Initially, setting up a corporate entity involves filing articles of incorporation with the Secretary of State. Likewise, closing, or dissolving, a corporation requires filing a certificate of dissolution with the same office. The certificate of dissolution notifies the Secretary of State that you are terminating and dissolving your California corporation. However, dissolution requires several steps, so you may want to consult a lawyer or tax expert before getting started.
The First Steps in Dissolving Your California Corporation
The first step in dissolving your corporation is to stop actively conducting corporate business. That said, legally speaking, the corporation will continue to exist under state law regardless of whether you continue operating the business. Thus, unless you formally close your corporation through the Secretary of State, you will still be responsible for corporate legal requirements such as filing biannual statements of information. In fact, failure to comply with these requirements may subject the corporation to monetary fines and penalties.
How to File Corporate Dissolution in California
To dissolve a corporation in California, take the following steps:
1. Board Meeting, Motion, and Vote
Once you have decided to close the operations of your California corporation, you should hold a formal Board of Directors meeting. Then, during the meeting, place a formal motion requesting to dissolve the corporation. Finally, the attendees should take an official vote. Remember to memorialize the activities of the meeting in the corporate minutes.
Even if the Board of Directors approves the vote to dissolve, the majority of the corporation shareholders still need to approve dissolution as well. Therefore, they must sign a written agreement approving the corporate dissolution before you file with the Secretary of State.

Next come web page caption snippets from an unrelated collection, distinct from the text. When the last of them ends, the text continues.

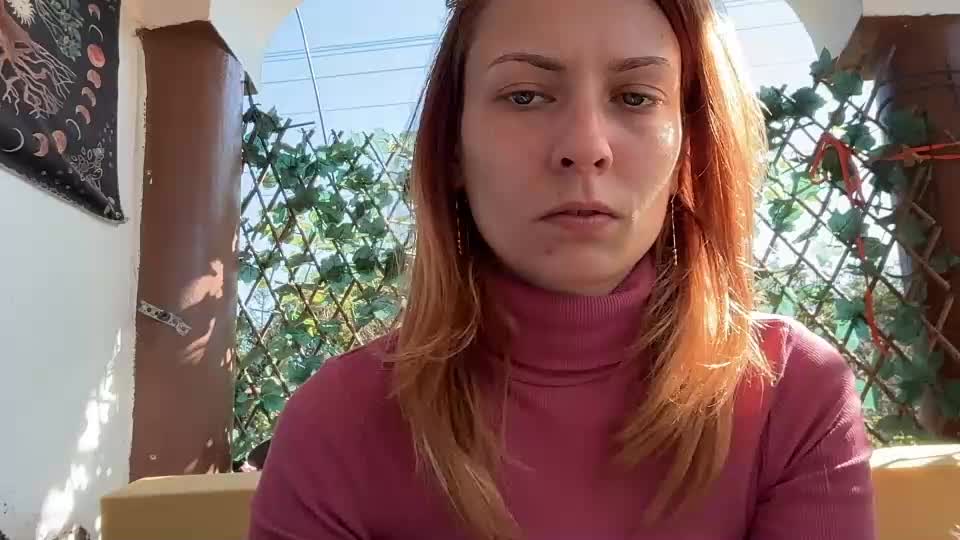 karoline121 Adult Chat September 18, 2026
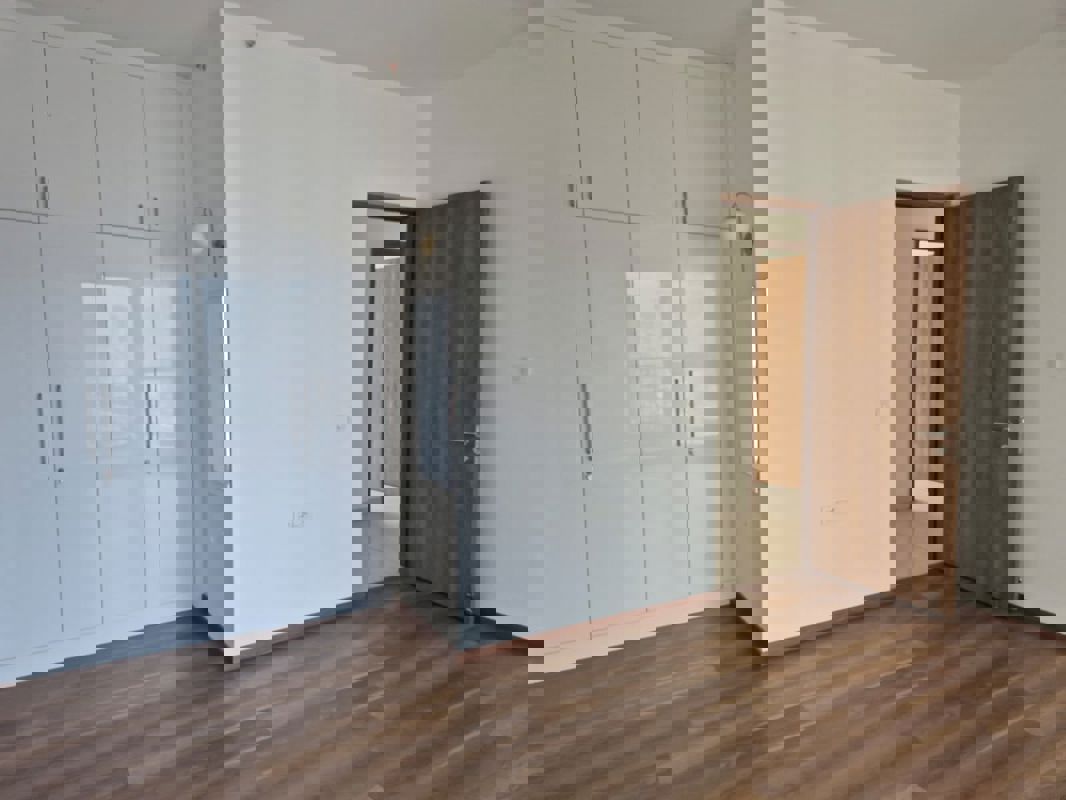 3 BHK + Pooja Room 2635 Sq.Ft. Apartment in SNN Clermont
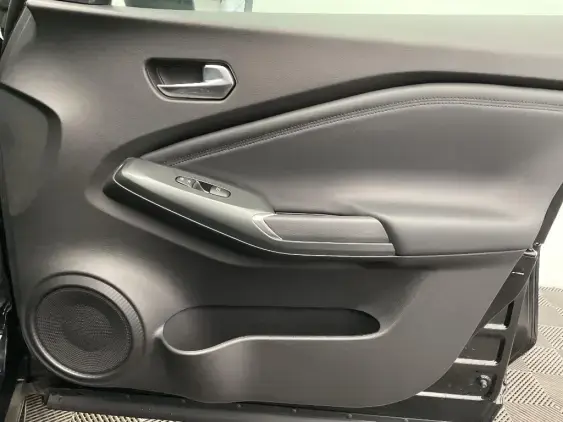 NISSAN JUKE II - voiture de démonstration - Photo 20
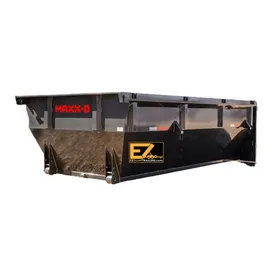 20 yard Dumpster includes delivery and pickup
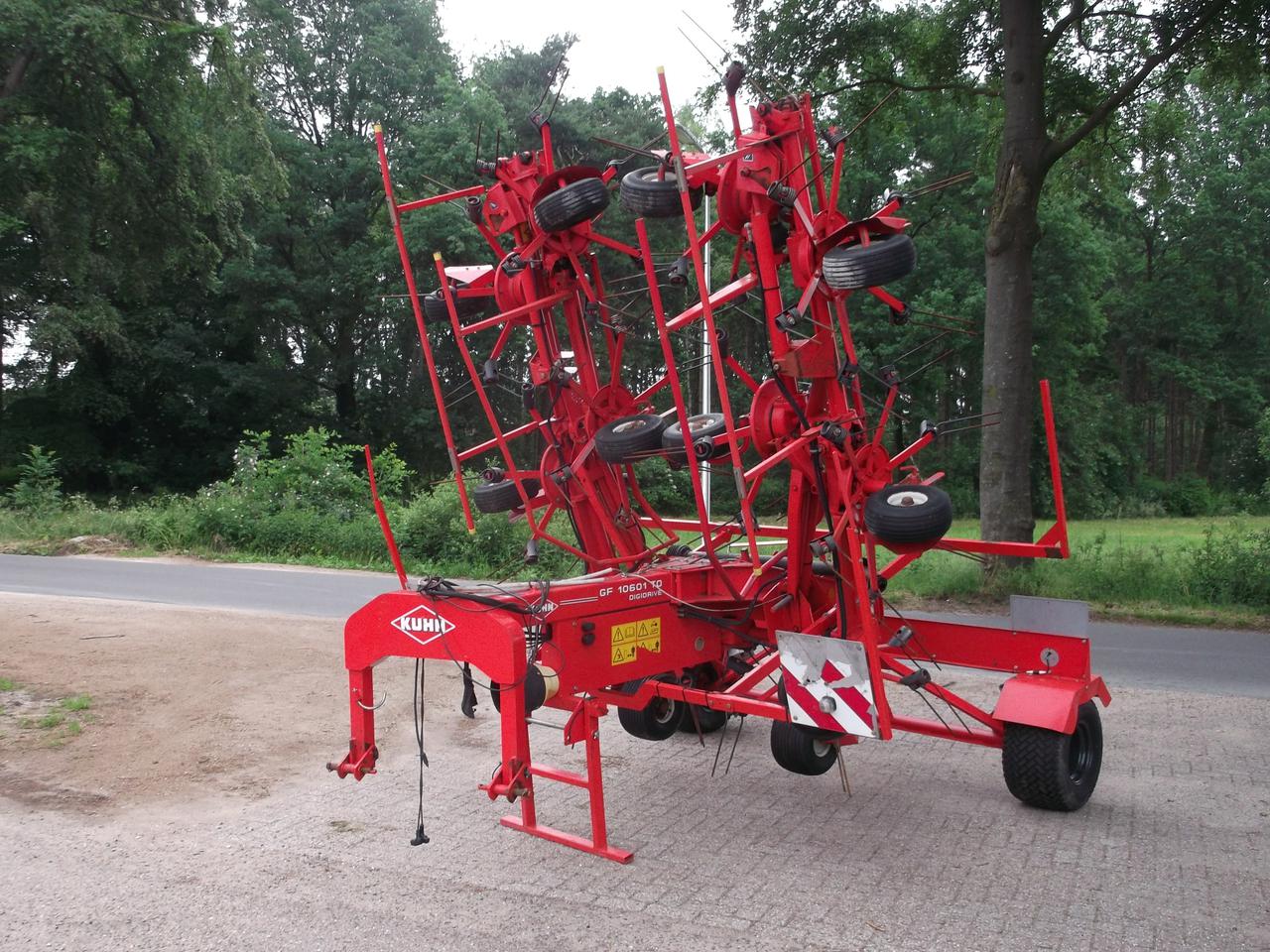 Kuhn GF10601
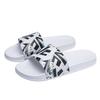 Summer outerwear trendy fashion soft bottom non-slip slipper men's slippers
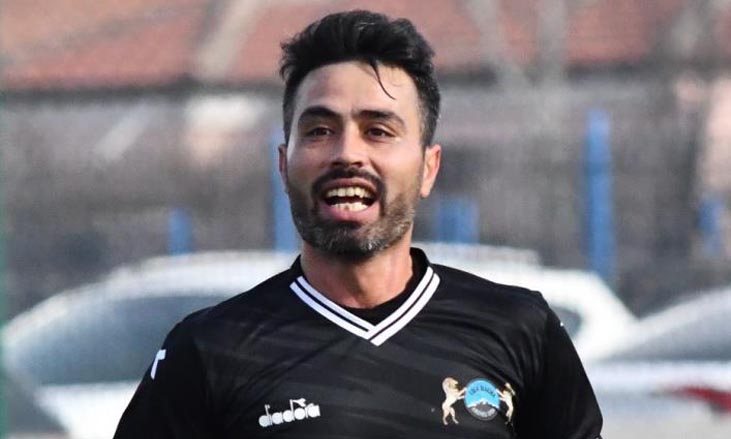 Bulut Akbas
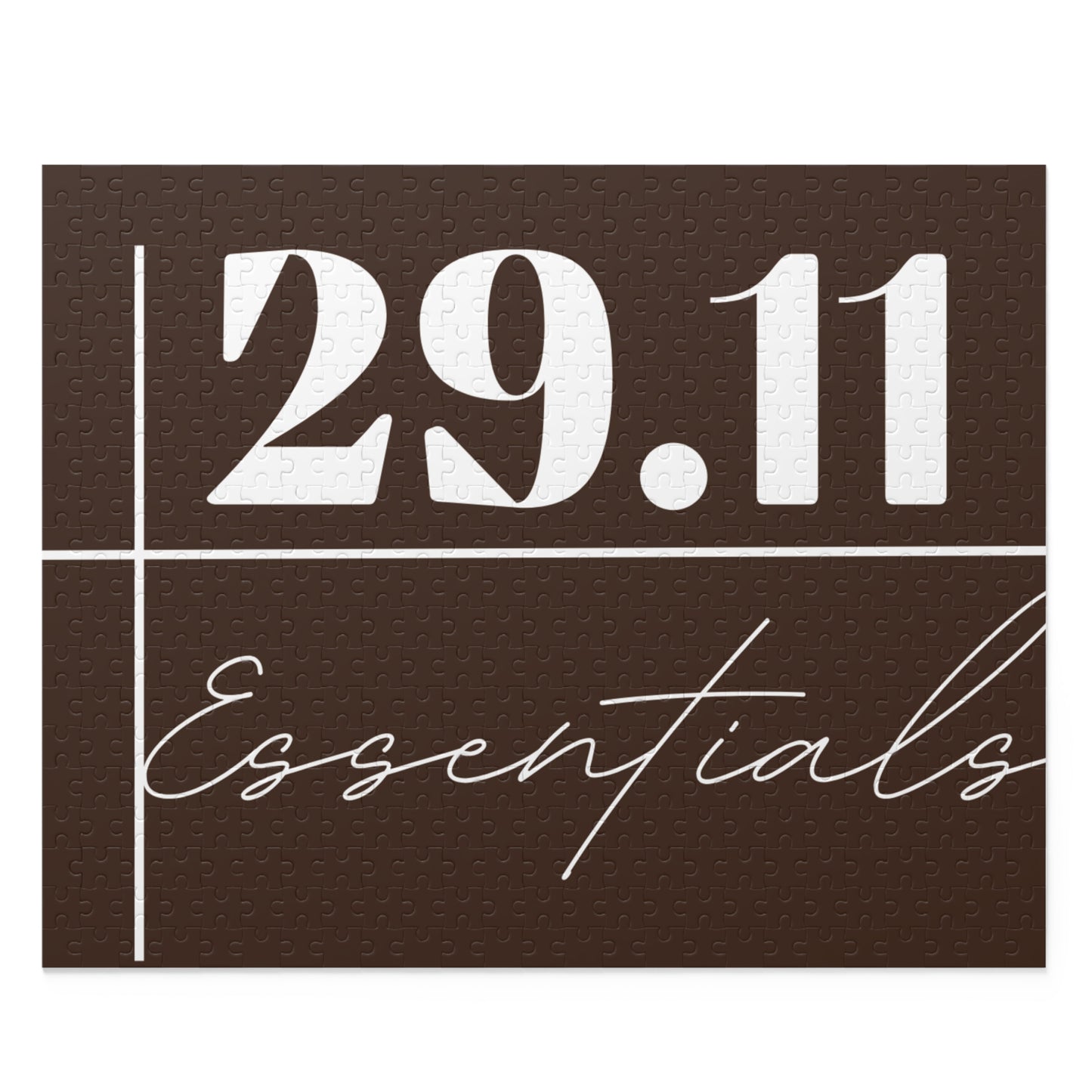 2911 Essentials Puzzle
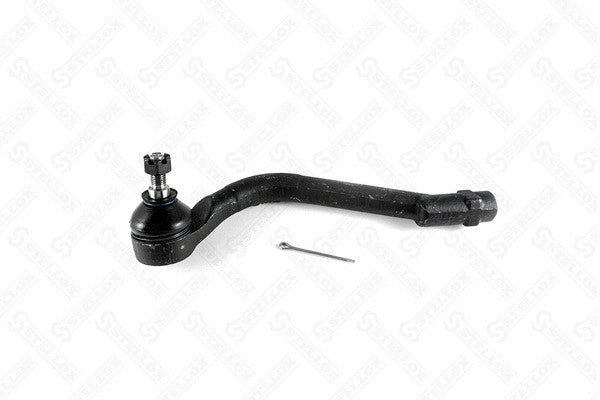 STELLOX 2010-2017 Kia Optima Tie Rod End Assembly Left 568203Q000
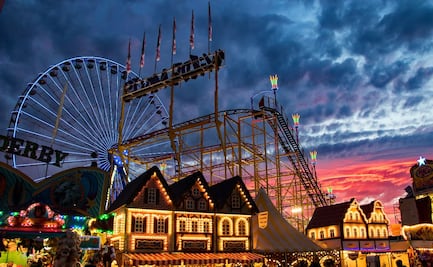 Cabildo de Tulancingo aprueba concesión de la Expoferia por tres años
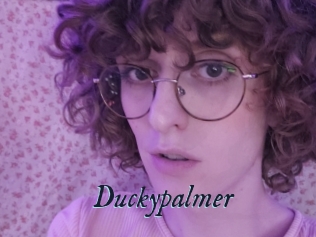 Duckypalmer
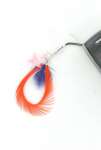 Art.nr: 61678 - GSM HANGER MET VEREN (12st.)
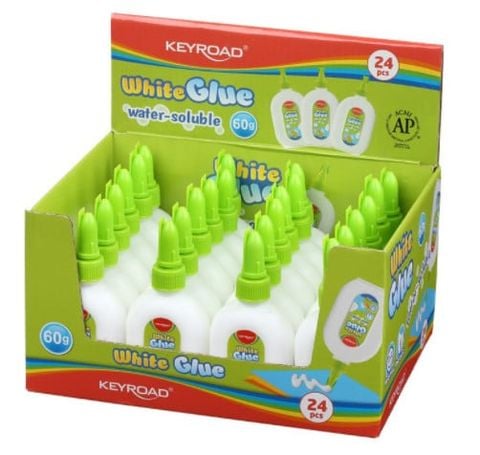 Keo Sữa Keyroad 60G KR972136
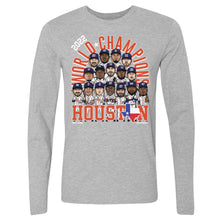 Load image into Gallery viewer, Houston Baseball Champs 2022 WHT
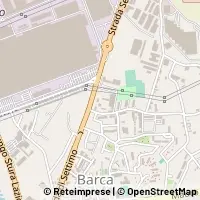Map Torino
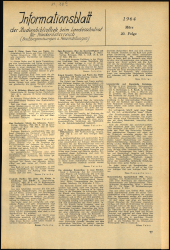 Verordnungsblatt für den Dienstbereich des niederösterreichischen Landesschulrates 1964bl04 Seite: 5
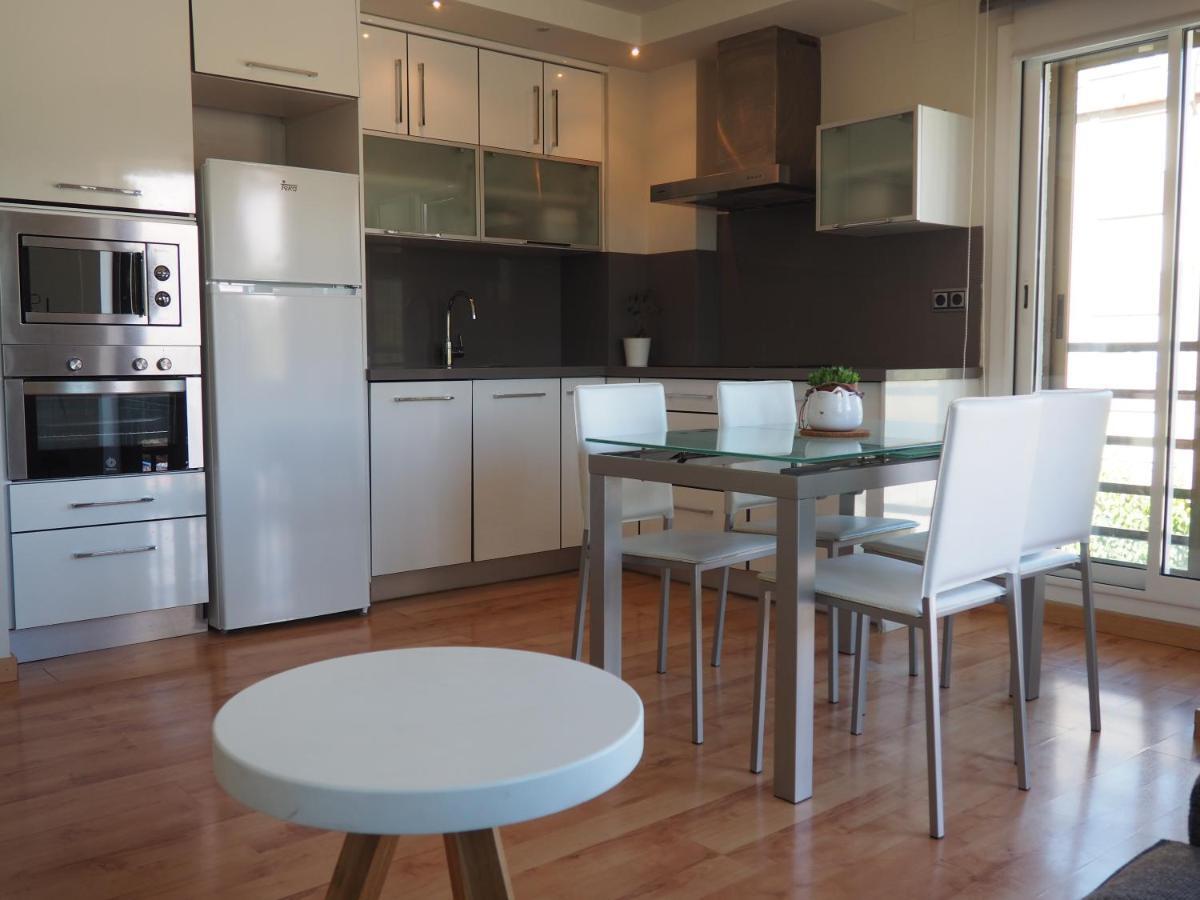 Apartamento Ainsa Pirineo Экстерьер фото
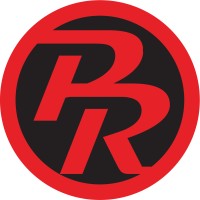Pittsburgh International Race Complex Logo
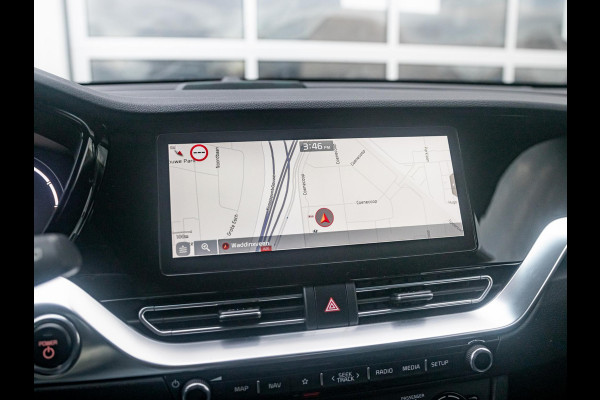 Kia e-Niro DynamicLine 64 kWh l Navigatie l Achteruitrijcamera l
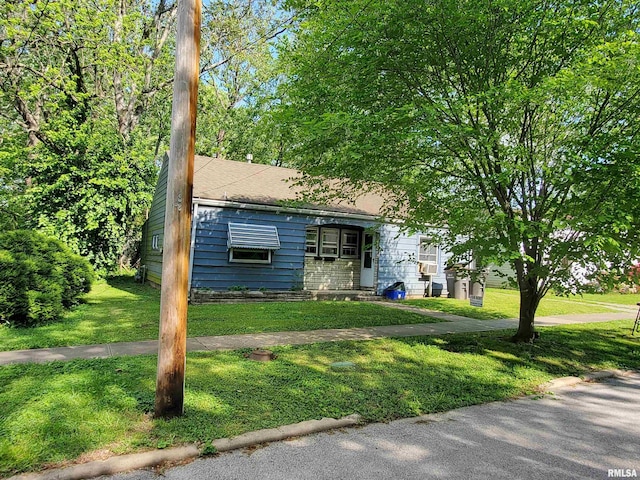607 N Almond St Unit 1, Carbondale, IL 62901 - photo 1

2. File a Certificate of Dissolution With the California Secretary of State
Believe it or not, it’s nearly impossible to physically speak to the Office of the California Secretary of State! However, luckily, their website hosts forms for filing a certificate of dissolution. Thus, to initiate the dissolution of a general corporation with the California Secretary of State, you must complete and file a certificate of election to wind up and dissolve (Form ELEC STK) and a certificate of dissolution (Form DISS STK). That said, if all shareholders have voted unanimously to dissolve the corporation, you will only need the certificate of dissolution.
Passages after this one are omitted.